Although it is now considered to be a separate neighborhood, it was originally part of Dorchester until that town was annexed by the City of Boston in 1870. Today Mattappan is considered to be west of Dorcheser, south of Roxbury, east or Roslindale and Hyde Park, and north of Milton.
In the late 19th Century, Mattapan like so many of the annexed Boston suburbs, grew rapidly due to it being linked to downtown Boston by streetcars and rail lines. One of the early links from Mattapan to the city opened in December 1847 as the Dorchester and Milton Branch Railroad. Today in addition to buses, Mattapan is linked to Boston by the Ashmont- Mattapan trolley line and Commuter Rail..
In the 1950s a large number of Jews lived in Mattapan, but the neighborhood started to shift from a middle class to a working class enclave.
In the 1960s, several banks decided to accommodate a growing Black population in Boston with two techniques. Redlining is drawing maps with drawn areas within which mortgage discrimination was practiced. Blockbusting was selling to Blacks on an all White block to prompt other Whites to sell at a panic discount while incoming Blacks paid more. The result was that in a few short years in the late 1960s and early 70s, Whites fled to the suburbs and Mattapan became a primarily Black neighborhood.
Today, the area is going through a change again as Caribbean Blacks are replacing African Americans. Mattapan now has the largest Haitian population of any community in Massachusetts.
The commercial center of Mattapan is along Blue Hill Avenue and at Mattapan Square, where Blue Hill Avenue, River Street, and Cummins Highway meet.
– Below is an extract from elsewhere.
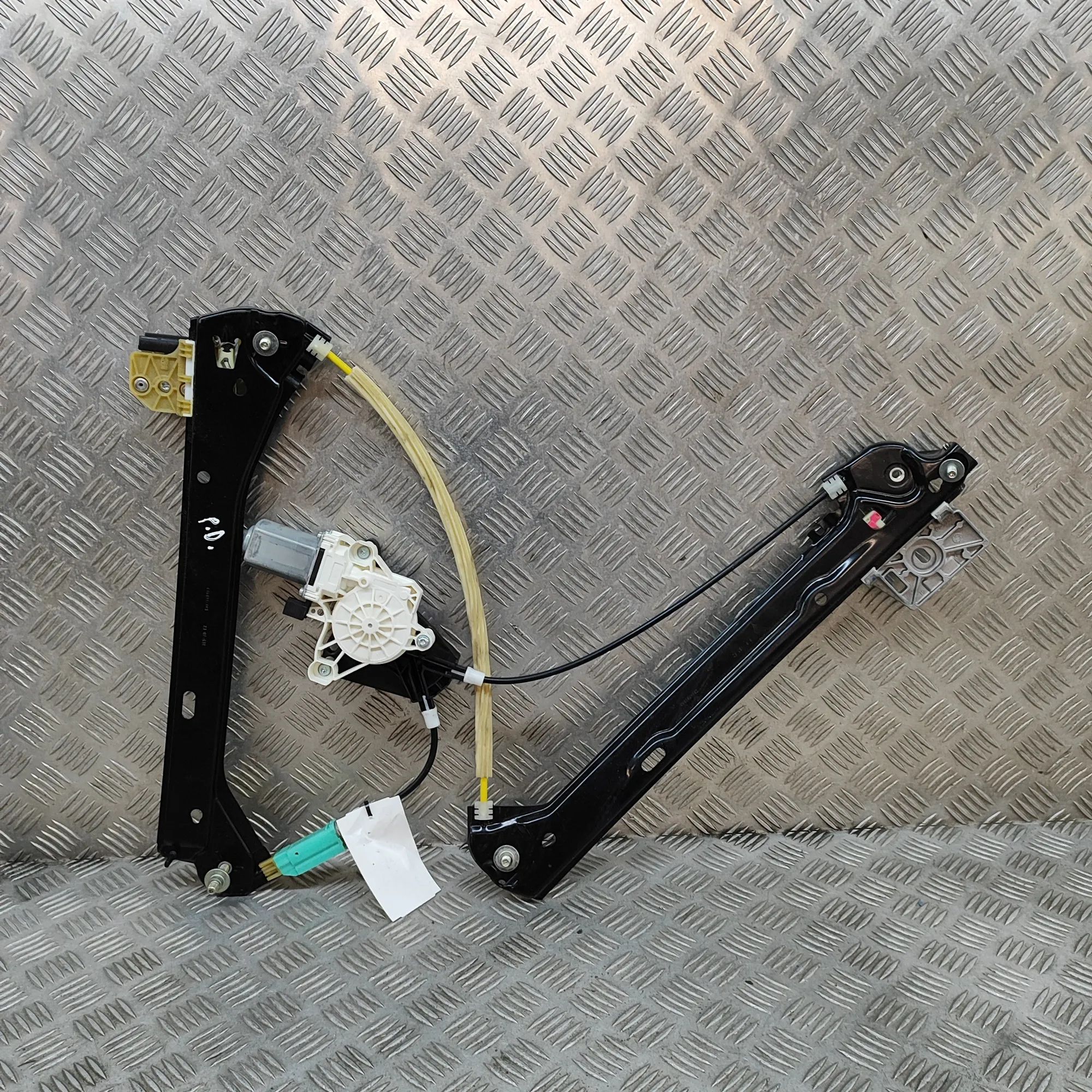 Mercedes-Benz CLA (C118) Front Right Door Window Regulator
This is where many of the banks, restaurants, and retail shopping can be found.
A highlight of the community is the new Mattapan Branch of the Boston Public Library which opened in 2009, at a cost of more than $4 million.
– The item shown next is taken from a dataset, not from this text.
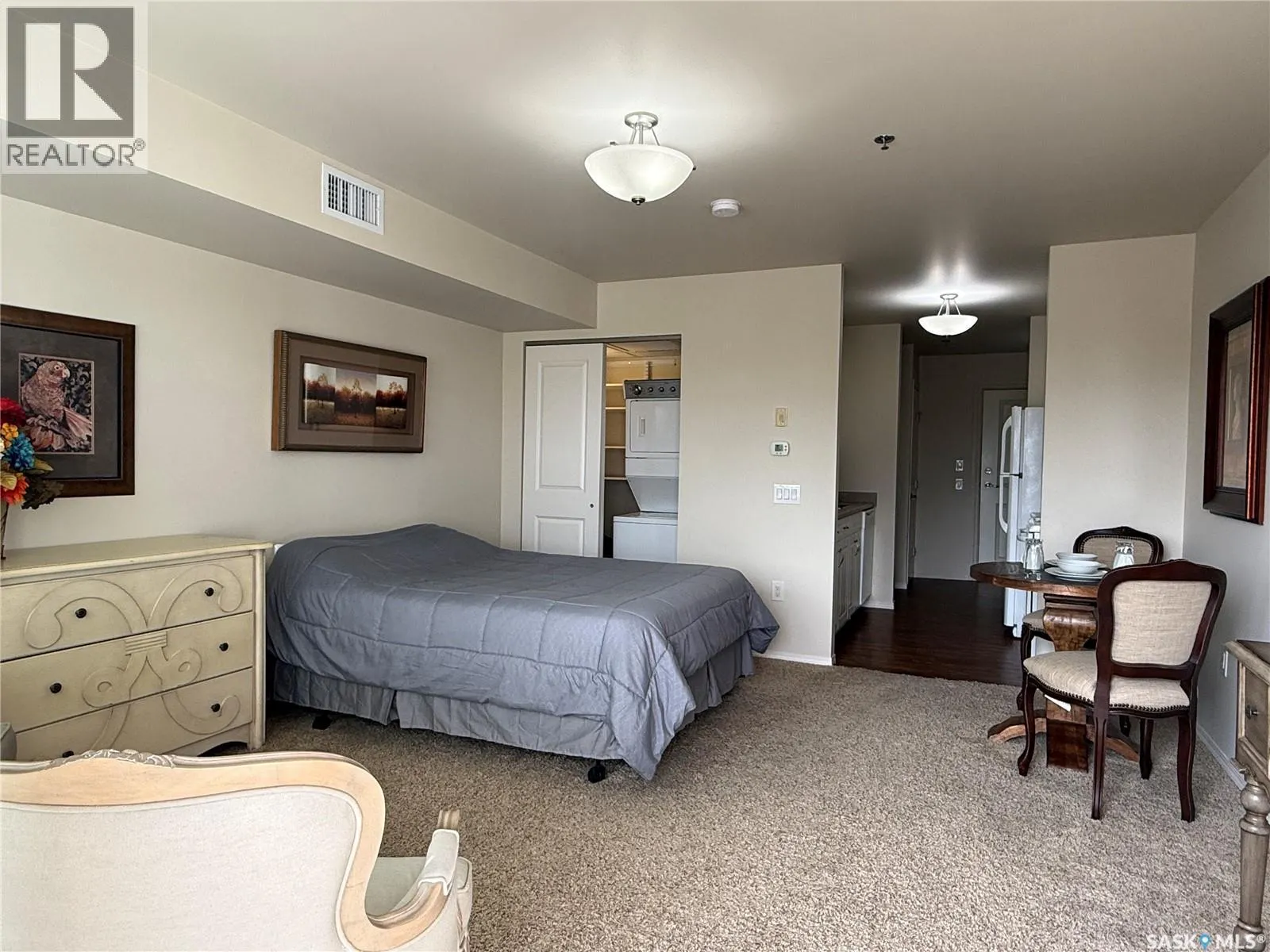 #307 680 7th AVENUE E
Mattapan has a population of 38,000 in an area of less than four square miles. The community is 77% Black, 10% Latino, 4% White, with less than 2% Asian and other races. The median age is 27 for men, 32 for women. 31% of the people living there are in families of married couples, while 28% are single mother households compared to less than 8% for Massachusetts as a whole. Less than half the people in Mattapan were born in Massachusetts, compared to 2/3 for the state as a whole. In Mattapan 30% of the residents are foreign born.
Only one in four residents has a four year degree. Just 5.9% of the population works in management, less than half for the state as a whole. Exactly the opposite is true with service occupations 24% work in service industries here, double the state’s average. When it comes to work in computer based occupations only 1.3% work in this field here, about a quarter of the numbers compared to the state as a whole.
Although there are fewer cars per household here compared to Massachusetts as a whole, half the workers drive to work. More than a third take public transportation.
Predominantly residential, most housing stock in Mattapan was built before 1950. A full third of all units were built before 1939. Mattapan has a mix of public housing, small apartment buildings, single family houses, two family homes, and triple deckers, three family homes, although some of these joined under a single roof to make six family residences. Most of the apartments in Mattapan have 4-5 rooms. The most common rental available is a 2 bedroom apartment. Half the renters moved to Mattapan after 1996. The median rent in Mattapan is $848 a month. There is no rent control.